(Beginning of Dataset content)

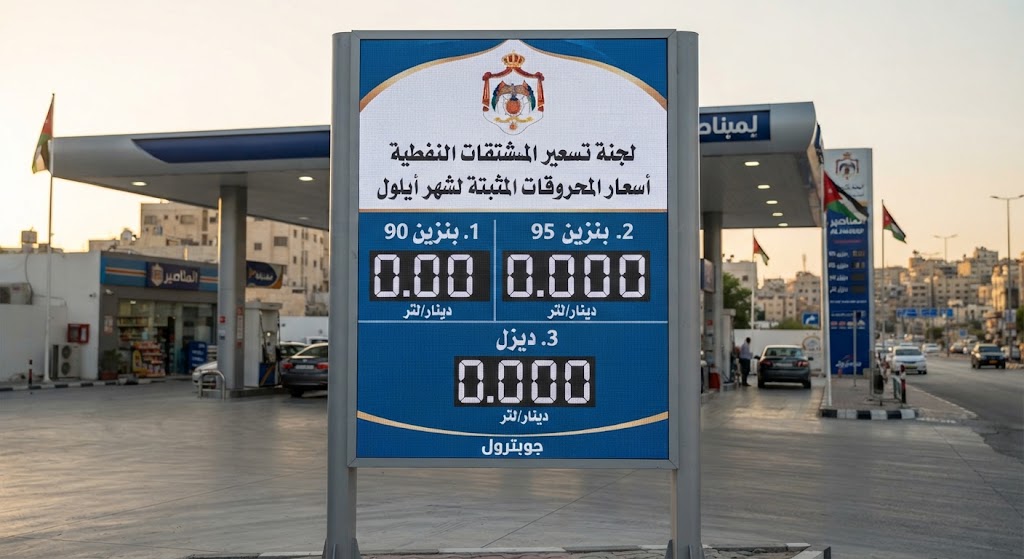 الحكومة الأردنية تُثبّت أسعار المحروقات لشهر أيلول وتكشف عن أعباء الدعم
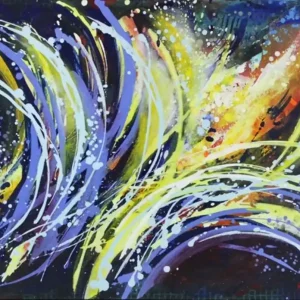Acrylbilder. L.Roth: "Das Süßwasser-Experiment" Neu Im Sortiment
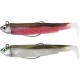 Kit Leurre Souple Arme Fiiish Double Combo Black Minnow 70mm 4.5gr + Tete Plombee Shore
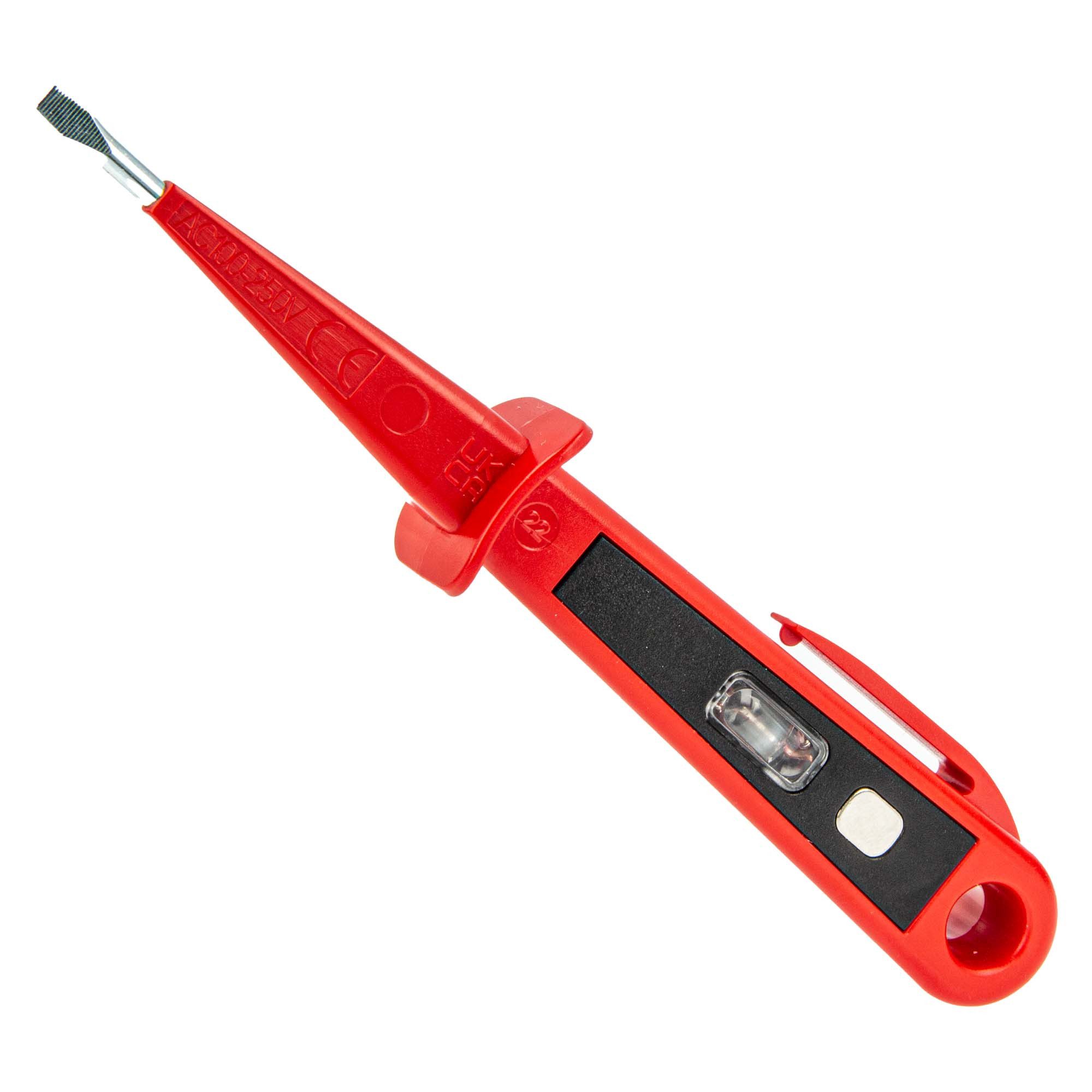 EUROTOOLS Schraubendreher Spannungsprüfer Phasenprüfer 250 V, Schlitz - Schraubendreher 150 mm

(End of Dataset content)
(Beginning of Dataset content)

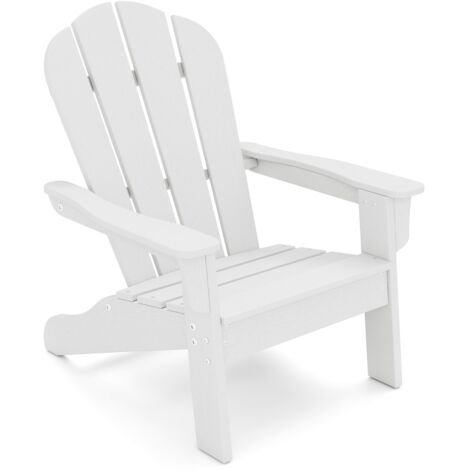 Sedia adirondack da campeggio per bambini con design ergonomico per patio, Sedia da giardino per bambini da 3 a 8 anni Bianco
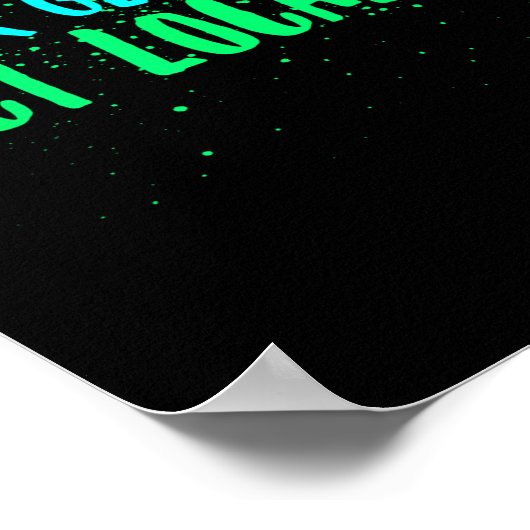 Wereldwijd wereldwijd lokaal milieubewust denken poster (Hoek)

(End of Dataset content)
(Beginning of Dataset content)

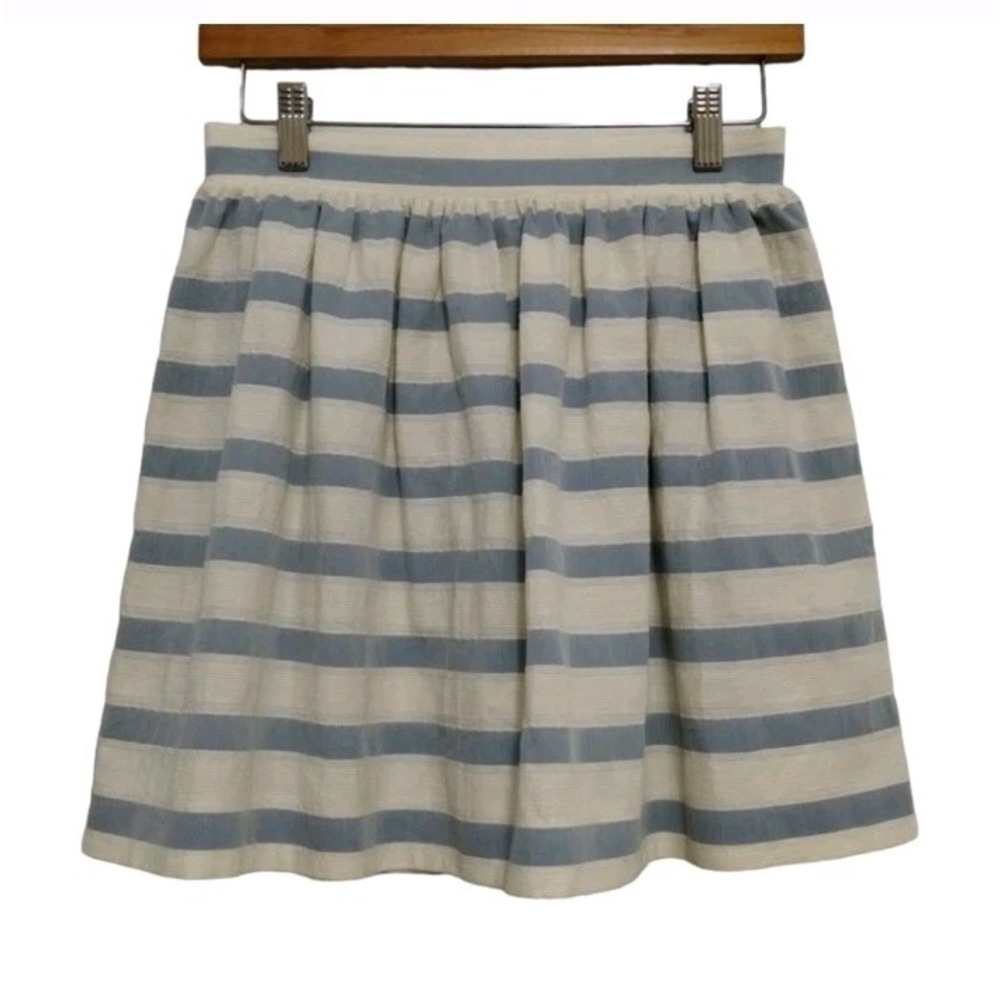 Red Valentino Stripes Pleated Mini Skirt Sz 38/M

(End of Dataset content)

To do
Look above for the line containing "Sedia adirondack da", then write out every line from there down to the line containing "Wereldwijd wereldwijd lokaal", that line included, with no pictures.

Written response
 Sedia adirondack da campeggio per bambini con design ergonomico per patio, Sedia da giardino per bambini da 3 a 8 anni Bianco
 Wereldwijd wereldwijd lokaal milieubewust denken poster (Hoek)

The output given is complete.